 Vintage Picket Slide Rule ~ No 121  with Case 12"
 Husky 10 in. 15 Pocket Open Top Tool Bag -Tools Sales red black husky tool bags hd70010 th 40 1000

= = = = = = =

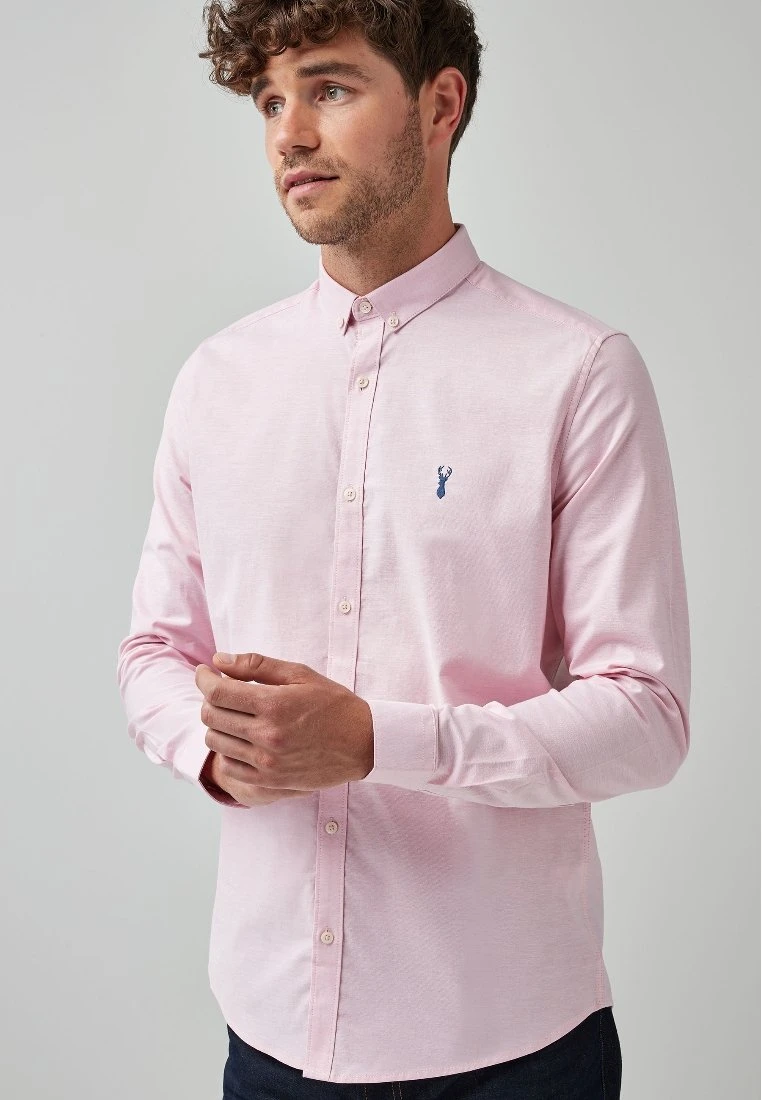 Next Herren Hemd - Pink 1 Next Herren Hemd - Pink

= = = = = = =

#### [Work instructions]
Look back at the entries above and repeat, unchanged, every line from the line holding "Vintage Picket Slide" through the line holding "Husky 10 in.".

#### [Written solution]
 Vintage Picket Slide Rule ~ No 121  with Case 12"
 Husky 10 in. 15 Pocket Open Top Tool Bag -Tools Sales red black husky tool bags hd70010 th 40 1000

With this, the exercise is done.